Für Fotografen ist das besonders relevant. Eine Aufnahme dokumentiert hier nicht nur ein fertiges Motiv, sondern das Verhältnis zwischen Regel und Raum. Perspektive, Wandkante, Schatten und Farbflächen beeinflussen, wie die Zeichnung gelesen wird. Wer die Ausstellung fotografiert, sollte deshalb nicht nur auf die grafische Wirkung achten. Auch die Übergänge zum Raum und die sichtbare Materialität der Wand gehören zur Konstruktion.
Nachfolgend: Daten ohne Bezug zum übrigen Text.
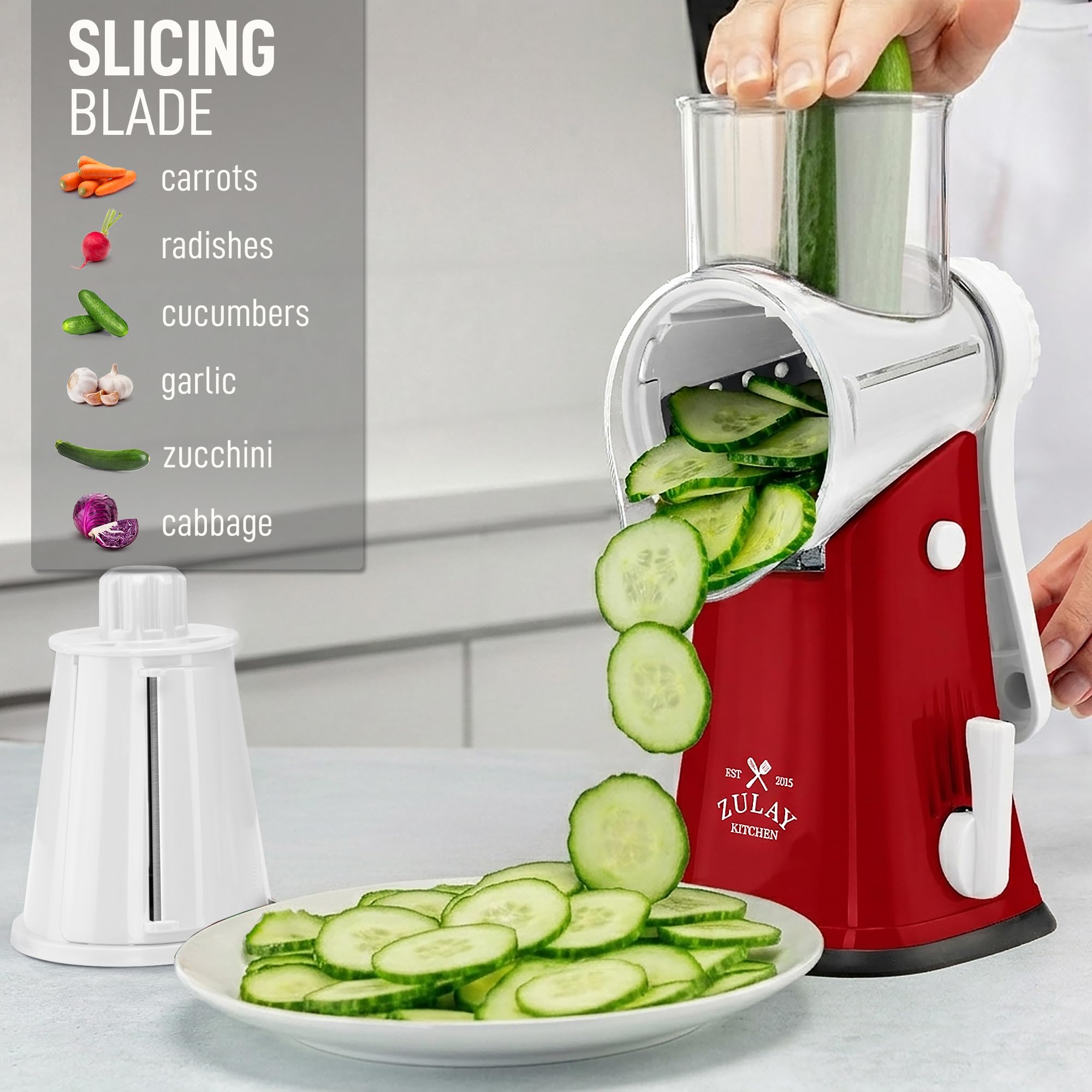Zulay Kitchen Rotary Cheese Grater 5 Blade Cheese Shredder - Manual Hand Crank Cheese Grater With Reinforced Suction & 5 Interchangeable Drums - Easy to Use, Vegetable Chopper Round Mandoline Slicer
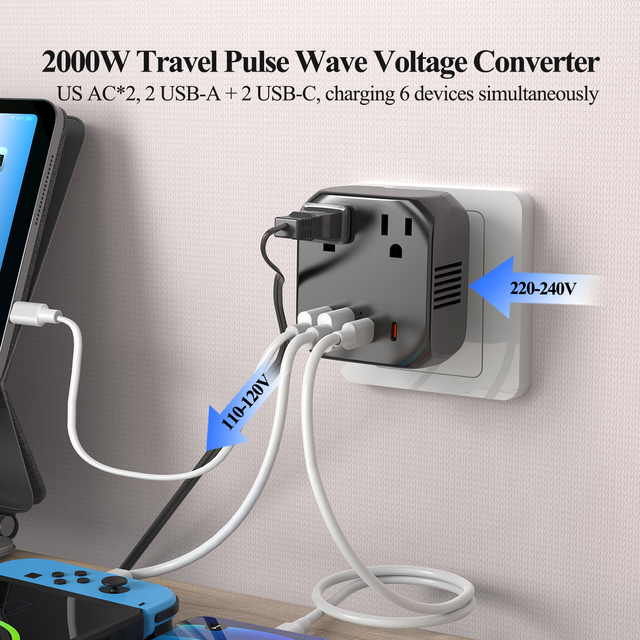 FOXCAN OEM 220V auf 110V Spannungswandler & Universal Reiseadapter für Glätteisen/Lockenstab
Die Schau umfasst neben den Wandzeichnungen auch Strukturen, Gemälde, Fotografien, Drucke und Archivmaterial. Diese Kombination hilft, LeWitts Arbeitsweise nicht auf die bekannten Linienmuster zu verkürzen. Sie zeigt, wie sich ein Prinzip über unterschiedliche Medien hinweg halten kann.
Was Besucher in Seoul prüfen sollten
Die Ausstellung entstand in Zusammenarbeit mit dem LeWitt Estate. Sie basiert auf einer Wanderausstellung, die am Museum of Contemporary Art Tokyo ihren Ausgang nahm. Für die Präsentation im Amorepacific Museum of Art wurde sie nach Angaben der veröffentlichten Informationen in Umfang und Inhalt erweitert.
Wer den Besuch plant, sollte daher zwischen der ursprünglichen Wanderausstellung und der erweiterten Seouler Fassung unterscheiden. Der Titel allein sagt nicht, welche Arbeiten in der jeweiligen Station tatsächlich zu sehen sind. Verlässlich prüfen lassen sich vorab vor allem die Ausstellungsdauer, das Programm und die angebotenen Führungen.
Begleitend zur Eröffnung finden Vorträge und kuratorische Rundgänge statt. Sie sollen LeWitts Ideen und Arbeitsmethoden erläutern und zugleich Grundprinzipien der Konzeptkunst einordnen. Für den Besuch lohnt sich besonders ein Termin mit Führung: Bei einer Arbeit, deren sichtbare Oberfläche aus einer unsichtbaren Regel hervorgeht, liegt die wichtigste Information nicht immer auf der Wand.